**Supplied data**

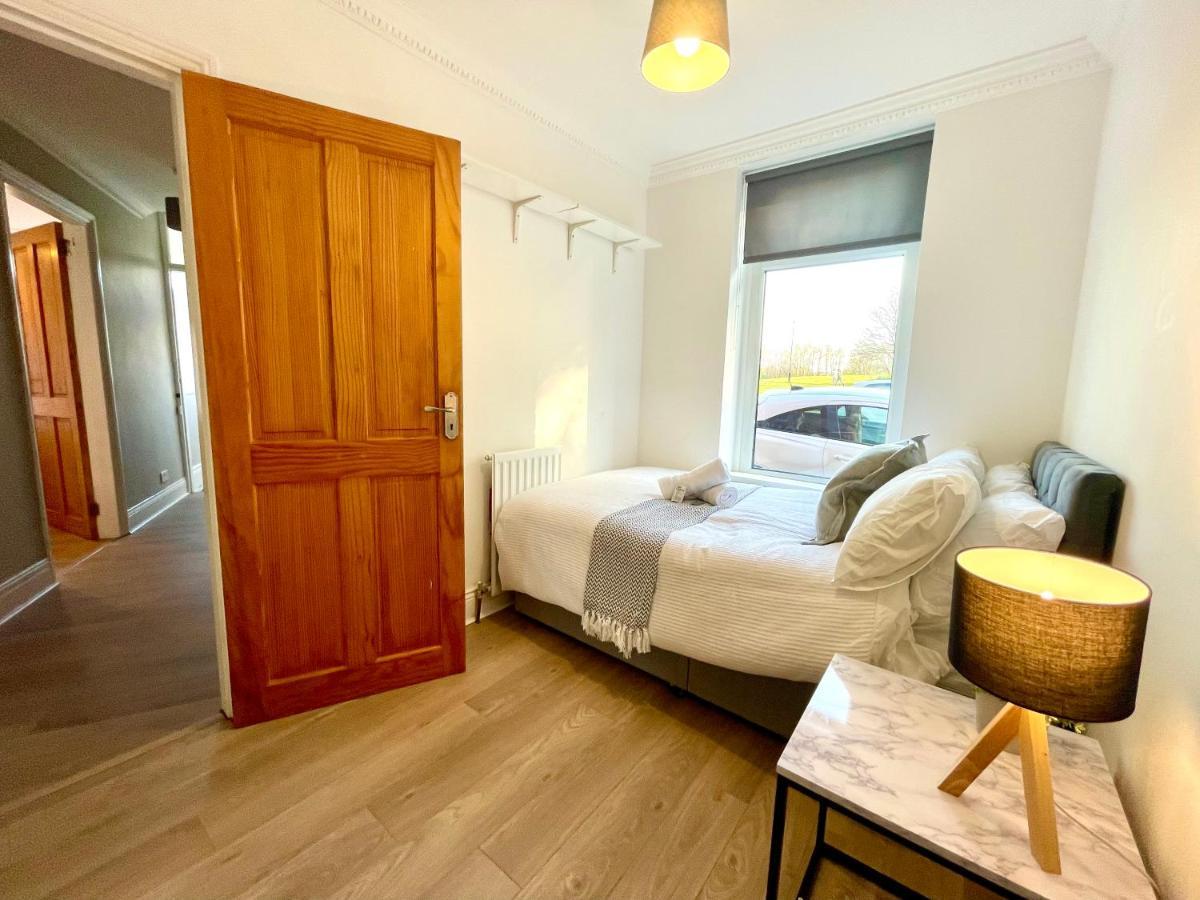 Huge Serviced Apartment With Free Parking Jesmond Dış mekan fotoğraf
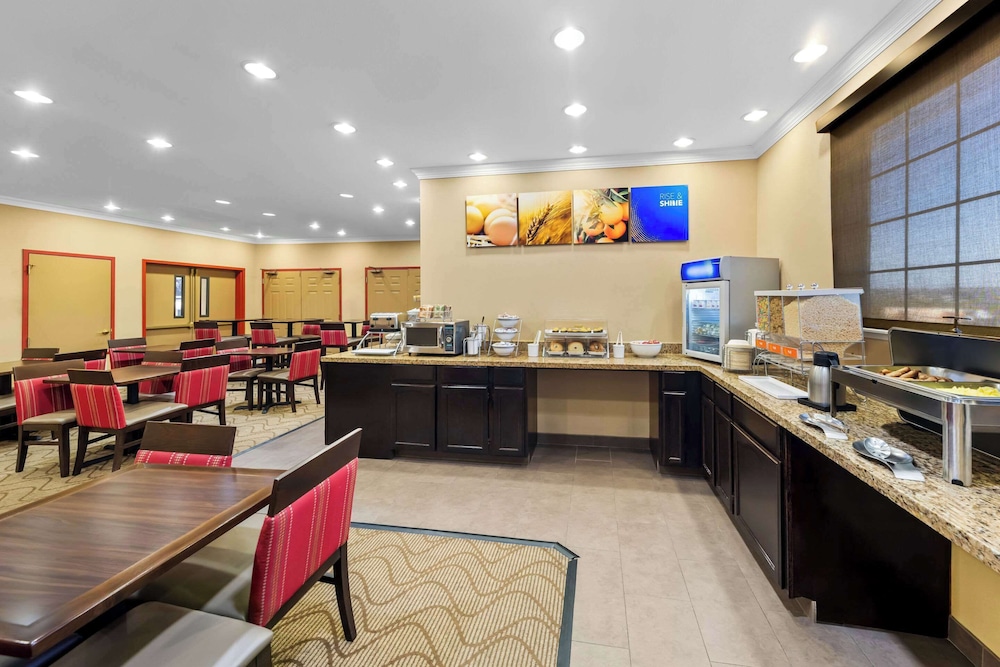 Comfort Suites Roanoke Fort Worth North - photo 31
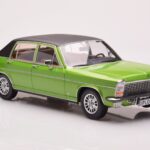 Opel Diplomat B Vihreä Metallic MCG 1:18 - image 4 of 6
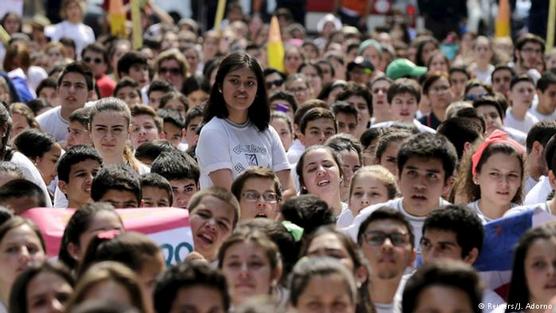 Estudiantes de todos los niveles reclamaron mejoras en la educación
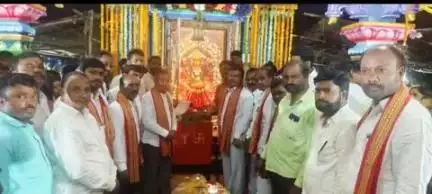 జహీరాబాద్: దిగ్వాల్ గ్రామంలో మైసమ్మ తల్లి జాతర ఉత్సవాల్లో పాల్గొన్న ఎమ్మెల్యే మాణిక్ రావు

**The problem**
Starting at the line that contains "Comfort Suites Roanoke", please write out each line through the last line of the data, both ends included, and keep pictures out of the copy.

**Task solution**
 Comfort Suites Roanoke Fort Worth North - photo 31
 Opel Diplomat B Vihreä Metallic MCG 1:18 - image 4 of 6
 Estudiantes de todos los niveles reclamaron mejoras en la educación
 జహీరాబాద్: దిగ్వాల్ గ్రామంలో మైసమ్మ తల్లి జాతర ఉత్సవాల్లో పాల్గొన్న ఎమ్మెల్యే మాణిక్ రావు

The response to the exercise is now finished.